2017 IMO Problems/Problem 1

Problem

For each integer $a_0 > 1$ , define the sequence $a_0, a_1, a_2, \ldots$ for $n \geq 0$ as $a_{n+1} = \begin{cases} \sqrt{a_n} & \text{if } \sqrt{a_n} \text{ is an integer,} \\ a_n + 3 & \text{otherwise.} \end{cases}$ Determine all values of $a_0$ such that there exists a number $A$ such that $a_n = A$ for infinitely many values of $n$ .

Solution

First we notice the following:

When we start with $a_0=3$ , we get $a_1=6$ , $a_2=9$ , $a_3=3$ and the pattern repeats.

When we start with $a_0=6$ , we get $a_1=9$ , $a_2=3$ , $a_3=6$ and the pattern repeats.

When we start with $a_0=9$ , we get $a_1=3$ , $a_2=6$ , $a_3=9$ and the pattern repeats.

When we start with $a_0=12$ , we get $a_1=15$ , $a_2=15$ ,..., $a_8=36$ , $a_9=6$ , $a_{10}=9$ , $a_{11}=3$ and the pattern repeats.

When this pattern $3,6,9$ repeats, this means that there exists a number $A$ such that $a_n = A$ for infinitely many values of $n$ and that number $A$ is either $3,6,$ or $9$ .

When we start with any number $a_0\not\equiv 0 mod 3$ , we don't see a repeating pattern.

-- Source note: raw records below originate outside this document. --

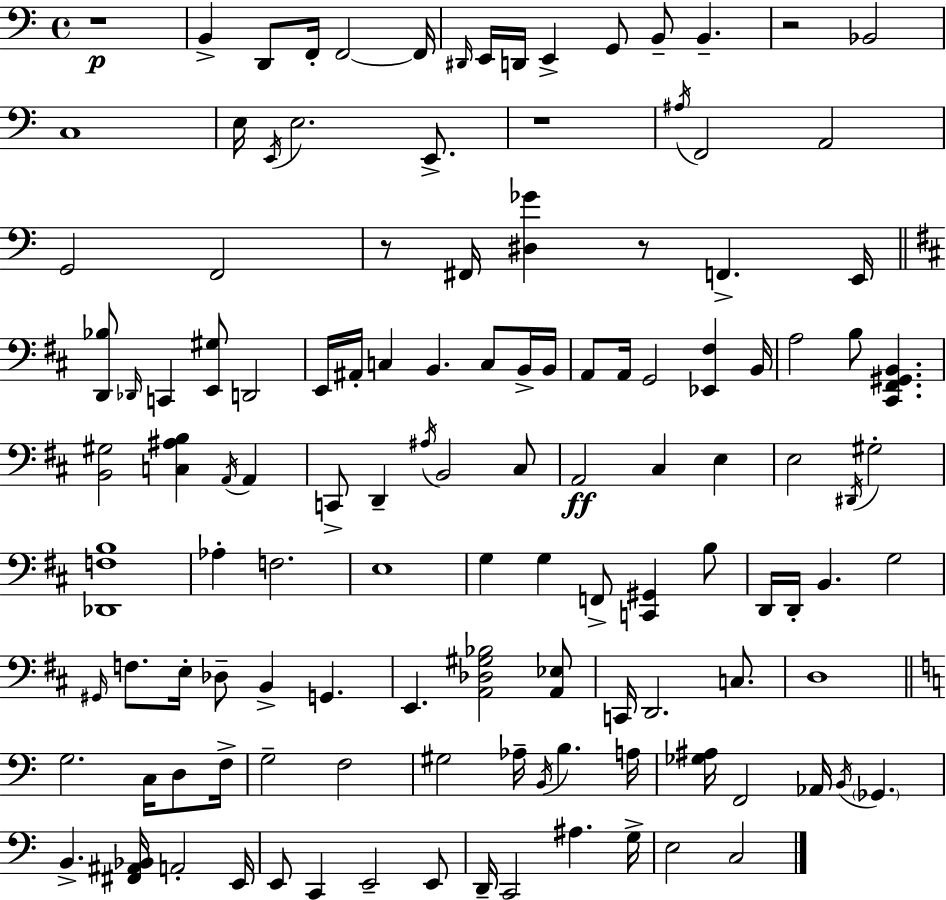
{
  \clef bass
  \time 4/4
  \defaultTimeSignature
  \key a \minor
  r1\p | b,4-> d,8 f,16-. f,2~~ f,16 | \grace { dis,16 } e,16 d,16 e,4-> g,8 b,8-- b,4.-- | r2 bes,2 | \break c1 | e16 \acciaccatura { e,16 } e2. e,8.-> | r1 | \acciaccatura { ais16 } f,2 a,2 | \break g,2 f,2 | r8 fis,16 <dis ges'>4 r8 f,4.-> | e,16 \bar "||" \break \key d \major <d, bes>8 \grace { des,16 } c,4 <e, gis>8 d,2 | e,16 ais,16-. c4 b,4. c8 b,16-> | b,16 a,8 a,16 g,2 <ees, fis>4 | b,16 a2 b8 <cis, fis, gis, b,>4. | \break <b, gis>2 <c ais b>4 \acciaccatura { a,16 } a,4 | c,8-> d,4-- \acciaccatura { ais16 } b,2 | cis8 a,2\ff cis4 e4 | e2 \acciaccatura { dis,16 } gis2-. | \break <des, f b>1 | aes4-. f2. | e1 | g4 g4 f,8-> <c, gis,>4 | \break b8 d,16 d,16-. b,4. g2 | \grace { gis,16 } f8. e16-. des8-- b,4-> g,4. | e,4. <a, des gis bes>2 | <a, ees>8 c,16 d,2. | \break c8. d1 | \bar "||" \break \key c \major g2. c16 d8 f16-> | g2-- f2 | gis2 aes16-- \acciaccatura { b,16 } b4. | a16 <ges ais>16 f,2 aes,16 \acciaccatura { b,16 } \parenthesize ges,4. | \break b,4.-> <fis, ais, bes,>16 a,2-. | e,16 e,8 c,4 e,2-- | e,8 d,16-- c,2 ais4. | g16-> e2 c2 | \break \bar "|."
}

Therefore the claim is that $a_0=3k$ where $k$ is a positive integer and we need to prove this claim.

When we start with $a_0=3k$ , the next term if it is not a square is $3k+3$ , then $3k+6$ and so on until we get $3k+3p$ where $p$ is an integer and $(k+p)=3q^2$ where $q$ is an integer. Then the next term will be $\sqrt{9q^2}=3q$ and the pattern repeats again when $q=k$ or when $q=3$ or $6$ . In order for these patterns to repeat, any square in the sequence need to be a multiple of 3. This will not work with any number or square that is not a multiple of 3.

So, the answer to this problem is $a_0=3k\;\forall k \in \mathbb{Z}^{+}$

~Tomas Diaz. orders@tomasdiaz.com

Alternate solutions are always welcome. If you have a different, elegant solution to this problem, please add it to this page.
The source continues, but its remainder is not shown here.